Полученные микропрепараты можно использовать в диагностических, научно-исследовательских целях, при которых необходимо визуализировать клетки, а также посчитать их количество и некоторым образом их дифференцировать, необходимо сразу до фиксации желчи между предметными стеклами, добавить спиртовый раствор основного гистологического красителя фуксина поверх капли желчи и немедленно накрыть вторым предметным стеклом, в процессе распределения желчи краситель окрасит клетки, которые будут там присутствовать. Этиловый спирт будет выступать в качестве фиксатора клеток, которые не будут разрушаться, а также выступит в качестве среды, облегчающей проникновение красителя внутрь цитоплазмы и ядра клеток.

Долговечность сохранения препаратов, возможность их исследования через длительный промежуток времени, возможность визуализации препарата актуальна в сложных диагностических случаях, для дифференциальной диагностики заболевания, а также наличия, вида и количества собственных клеток организма и онкологических клеток, кроме того наличия и разновидности бактериальных клеток, которые могут находиться в желчи.

В учебном процессе долговечность препаратов упрощает работу преподавателю и учебно-вспомогательному персоналу. Препарат можно использовать несколько раз, изготовив однажды.

Пример. По указанному способу изготовлен микропрепарат из желчи в октябре 2015 года. В хорошем состоянии микропрепарат использовался на учебных занятиях и в научно-исследовательской работе в феврале 2024 года для демонстрации и идентификации клеток эпителия желчевыводящих путей, попавших в желчь у животных. В окрашенных препаратах желчи также были показаны клетки крови и бактериальные клетки, попавшие в желчь из-за острого гнойного воспаления при моделировании описторхоза у животных в эксперименте.

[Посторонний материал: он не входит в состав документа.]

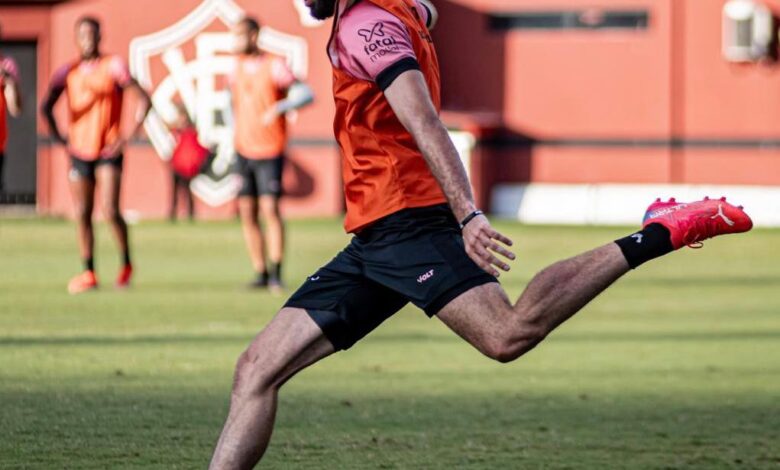 Léo Condé prepara Vitória para confronto decisivo contra o CRB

Изобретение относится к медицине и биологии. Раскрыт способ изготовления микропрепаратов из желчи долгосрочной визуализации для цитологического исследования, заключающийся в том, что проводят подготовку желчи, двух предметных стекол, спиртового раствора основного фуксина и зажима для просушивания гистологических препаратов, затем на одно предметное стекло помещают каплю желчи, наносят каплю спиртового раствора фуксина и плотно накрывают вторым предметным стеклом и совершают несколько круговых движений, не разъединяя стекла, фиксируют их с помощью зажима для просушивания гистологических препаратов и в таком виде просушивают. Изобретение обеспечивает возможность многоразового использования его для учебных, научно-исследовательских и диагностический целей. 1 з.п. ф-лы, 1 пр.

Способ изготовления микропрепаратов из желчи долгосрочной визуализации для цитологического исследования, включающий подготовку желчи, двух предметных стекол, спиртового раствора основного фуксина и зажима для просушивания гистологических препаратов, отличающийся тем, что на одно предметное стекло помещают каплю желчи, наносят каплю спиртового раствора фуксина, плотно накрывают вторым предметным стеклом и совершают несколько круговых движений, не разъединяя стекла, фиксируют их с помощью зажима для просушивания гистологических препаратов и в таком виде просушивают.